Impact Of Possible Incompetency Ruling Unclear

Wednesday, October 17th 2007, 6:50 am
By: News On 6

OKLAHOMA CITY (AP) _ It's unclear how former state Senator Gene Stipe's business affairs would be affected if he were to be declared mentally incompetent as he faces federal felony charges.

At a hearing on Monday, a federal judge said a psychologist for a prison hospital had found the 80-year-old Stipe mentally incompetent.

That led to speculation over what would happen if the judge reached the same conclusion after a hearing on Stipe's mental fitness.

Experts agree such a ruling would have a major impact on the criminal cases against Stipe, as well as probably affecting his business empire in at least some areas.
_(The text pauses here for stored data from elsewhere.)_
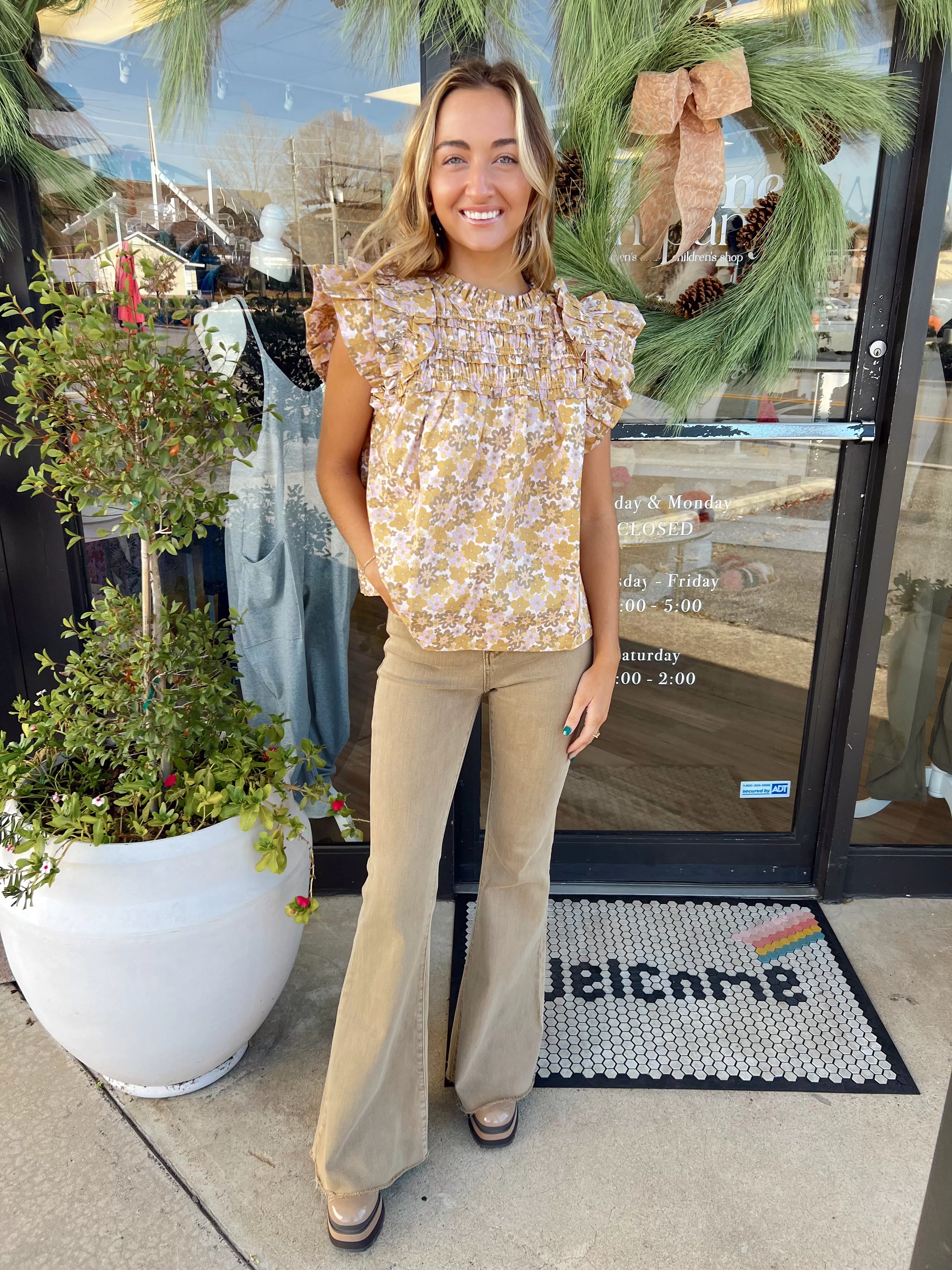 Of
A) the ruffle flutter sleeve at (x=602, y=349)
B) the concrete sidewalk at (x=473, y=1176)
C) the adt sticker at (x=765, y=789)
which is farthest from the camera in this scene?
the adt sticker at (x=765, y=789)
Clark Brewster, Stipe's attorney, said it's premature to speculate on that, but it would be an important development. He said there has to be ``mental intent'' to commit a crime.

``The problem is you can't generalize on something like that,'' he said, regarding Stipe's ability to continue in business if he were found to be incompetent.

``It's a myriad, or a cluster of many different legal issues, that is imposed in this area of law,'' Brewster said.

For much of his legislative career, Stipe has had a wide range of business enterprises, from real estate holdings, to interest in a string of small newspapers, convenience stores and abstract companies, to oil and gas operations.

That's not to mention his law firm, which has offices in Oklahoma City, Tulsa and McAlester. Stipe has surrendered his license to practice law, but his law firm continues to operate.

Cheryl Wattley, associate professor of criminal law at the University of Oklahoma, said Tuesday it depends on the facts of a case whether a court would intervene in the business affairs of a criminal defendant judged to be mentally incompetent.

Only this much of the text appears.